Tuesday, 18 May 2010

A tale of two science ministers

This year’s Reith Lecturer is the current President of the Royal Society, Professor Martin Rees, who was chosen as part of the BBC's year of science and the Royal Society's 350th anniversary. The lectures are being recorded across the country this month, ready for broadcast in the first week of June. I've been to both the London recordings. More significantly, so has the Science Minister. However, as these recordings were six days apart, the science minister in question has been an entirely different man: first Paul Drayson, now David Willets. I play a bit of compare and contrast over at the Times' science blog.

A thread I didn't pick up on there is the mention (by Rees and repeated by Willets) of the importance of big science to inspire the young. As I've said before, I find statements like this a bit problematic. There is loads of anecdotal evidence to suggest that projects like Apollo inspired people to go into scientific careers. I wouldn't deny that. But, as someone who researches, teaches and generally chats about children and science for a living, I hear almost as many anecdotes to the contrary, or at least citing other inspirations. These anecdotes seem to be articulated slightly less publicly, sometimes even whispered, but they are no less significant.

I'd love someone to look at this properly. To systematically investigate today's children about what inspires them in science and take their interests and disinterests seriously.

Big science projects are exceedingly expensive. That's part of the point. I don't deny their scientific value (or at least I'm not qualified to do so) but in such a period of "tough times" for science funding I'm not sure a loose claim to inspiring the young is enough. It sounds good but, to me, lacks depth. We might even say it's rather pointless, seeing at the new government has kept the old one's division of education and science. Unless Gove wants to fund the LHC? It seems like an all too easy rhetorical appeal to wonder and the assumed good and importance of children.

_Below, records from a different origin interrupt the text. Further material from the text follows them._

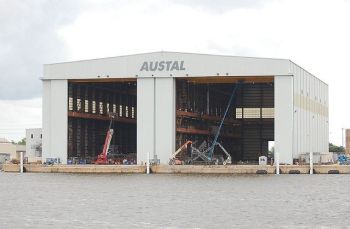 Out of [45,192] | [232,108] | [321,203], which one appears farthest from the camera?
[232,108]

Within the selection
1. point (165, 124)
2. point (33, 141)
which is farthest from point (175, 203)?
point (33, 141)

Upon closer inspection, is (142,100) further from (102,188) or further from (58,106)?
(102,188)

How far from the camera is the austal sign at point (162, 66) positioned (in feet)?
252

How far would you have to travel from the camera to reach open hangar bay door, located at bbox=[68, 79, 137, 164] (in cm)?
8319

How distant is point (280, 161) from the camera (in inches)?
2943

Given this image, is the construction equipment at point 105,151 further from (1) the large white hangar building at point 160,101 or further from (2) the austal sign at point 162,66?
(2) the austal sign at point 162,66

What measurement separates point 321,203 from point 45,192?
58.7ft

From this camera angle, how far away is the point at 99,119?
295ft

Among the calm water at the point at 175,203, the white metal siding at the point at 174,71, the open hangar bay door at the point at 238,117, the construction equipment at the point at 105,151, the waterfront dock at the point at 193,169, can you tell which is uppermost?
the white metal siding at the point at 174,71

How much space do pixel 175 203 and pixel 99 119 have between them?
45.5 m

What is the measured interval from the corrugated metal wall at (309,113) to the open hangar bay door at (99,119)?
15.5m

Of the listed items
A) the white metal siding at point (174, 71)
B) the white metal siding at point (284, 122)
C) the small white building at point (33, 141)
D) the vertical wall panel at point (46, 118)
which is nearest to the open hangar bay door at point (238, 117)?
the white metal siding at point (174, 71)

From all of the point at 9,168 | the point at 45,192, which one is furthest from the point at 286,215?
the point at 9,168

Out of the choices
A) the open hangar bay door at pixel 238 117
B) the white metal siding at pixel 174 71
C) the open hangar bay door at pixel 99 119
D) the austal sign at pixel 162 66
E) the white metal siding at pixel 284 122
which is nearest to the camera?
the white metal siding at pixel 284 122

Again, I'm not necessarily denying that science is wonderful or saying that children aren't important (though I do make my students try to think through these ideas, at least as an intellectual exercise), but let's investigate the issue before building policy on it.


  1. If I understand correctly (I was not at the lecture nor I know a lot on the subject) such a strategy would only work for those young people on the edge, i.e. who are debating to go into STEM vs another alternative. If young people are interested in STEM, big science projects are not going to make them any more interested. If young people are not interested in STEM, I doubt they will be persuaded by these massive, complicated projects (I work for one of them coming from a very different field and even I am finding hard to undestand what is going on). So I think that if they are going to make a policy that used big projects to inspire young people, they are actually targeting an even smaller percentage of young people, those who are trying to choose if they want a STEM career or not.